El resultado dejó abierta la posibilidad de que distintos bloques opositores coordinen una convocatoria propia para avanzar con temas que generan incomodidad en el Gobierno y mostró que el oficialismo deberá seguir con atención la conformación de mayorías en las próximas sesiones de la Cámara baja.
La oposición reunió este miércoles 133 votos en la Cámara de Diputados al intentar incorporar al debate los proyectos sobre morosidad familiar y prórroga de la emergencia en discapacidad. Aunque no alcanzó los tres cuartos necesarios para tratarlos inmediatamente, el resultado mostró que cuenta con más de los 129 diputados necesarios para abrir una futura sesión e impulsar una agenda propia.
La oposición perdió dos votaciones y, sin embargo, salió del recinto mirando el tablero como quien descubre que el premio estaba escondido en la letra chica. Los 133 votos obtenidos para intentar discutir morosidad familiar y emergencia en discapacidad no alcanzaron los tres cuartos necesarios para cambiar el temario sobre la marcha, pero sí dejaron un número bastante menos decorativo: son cuatro más que los 129 diputados necesarios para abrir una sesión. En el Congreso, donde contar voluntades es una ciencia exacta practicada por personas que cambian de opinión, eso alcanza para que varias calculadoras oficiales empiecen a transpirar.
La jornada tenía como uno de sus platos principales la reforma de la Carta Orgánica del Banco Central, pero el debate político encontró tiempo para demostrar que la economía también puede explicarse mediante personajes de Las Aventuras de Hijitus. Agustín Rossi comparó a Javier Milei con el Profesor Neurus y Álvaro Martínez respondió colocando a Cristina Kirchner, sin nombrarla, en el papel de Cachavacha. Décadas de teoría monetaria, autonomía institucional y constitucionalismo argentino finalmente encontraron su síntesis definitiva en Manuel García Ferré.
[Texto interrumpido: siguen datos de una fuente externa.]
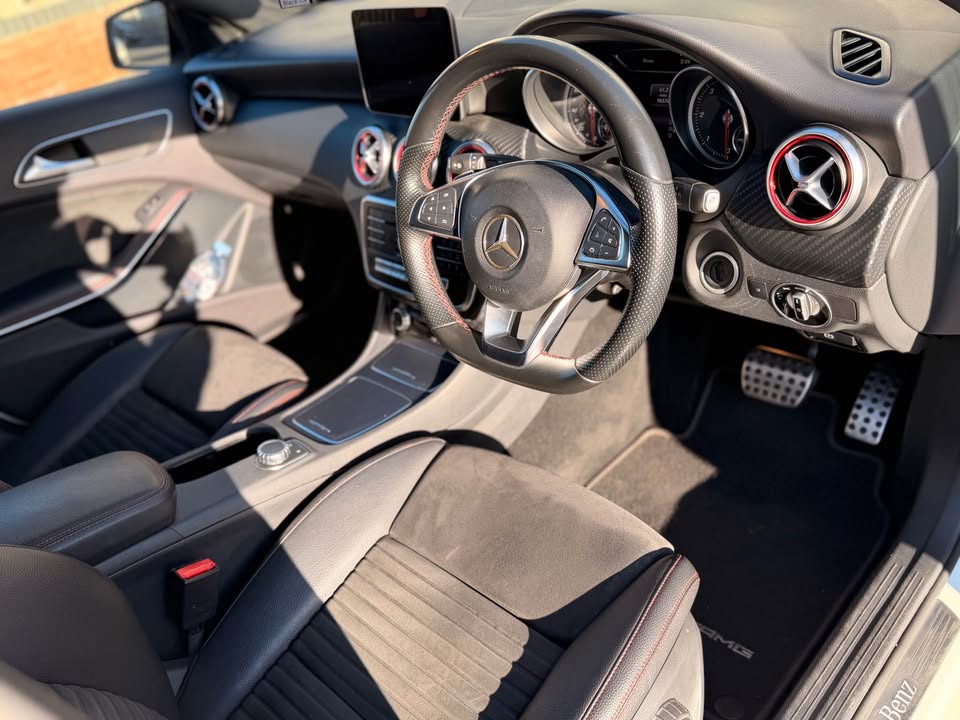 2016 Mercedes-Benz A200D AMG LINE PREMIUM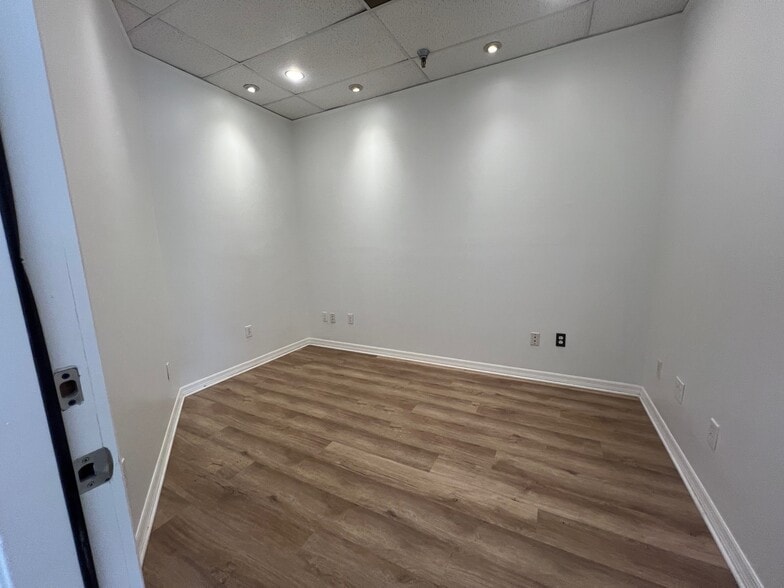 More Photos Of 1465 S Fort Harrison Ave, Clearwater Office For Lease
Mientras tanto, el oficialismo defendió la reforma como una herramienta para impedir que futuros gobiernos financien al Tesoro mediante emisión. Juliana Santillán habló de “blindaje institucional”, Santiago Santurio cuestionó el déficit y Alida Ferreyra pidió terminar con los “papelitos que van a los bolsillos de los contribuyentes sin valor alguno”. Del otro lado, Miguel Ángel Pichetto definió la propuesta como “un proyecto para la gilada” y Esteban Paulón señaló contradicciones en el discurso presidencial sobre el peso. La autonomía del Banco Central consiguió así algo que parecía imposible: reunir en pocas horas política monetaria, cajeros automáticos, papelitos y dibujos animados.
Pero detrás de las chicanas quedó el dato que más inquietud puede generar en el oficialismo. La oposición demostró que, al menos en estas dos cuestiones, puede superar el número requerido para conseguir quórum. No pudo imponer el debate este miércoles, pero mostró que podría convocarlo otro día. En la Cámara baja, donde un diputado ausente puede transformar una estrategia nacional en una conversación incómoda de WhatsApp, 133 dejó de ser una cifra y pasó a ser una advertencia parlamentaria.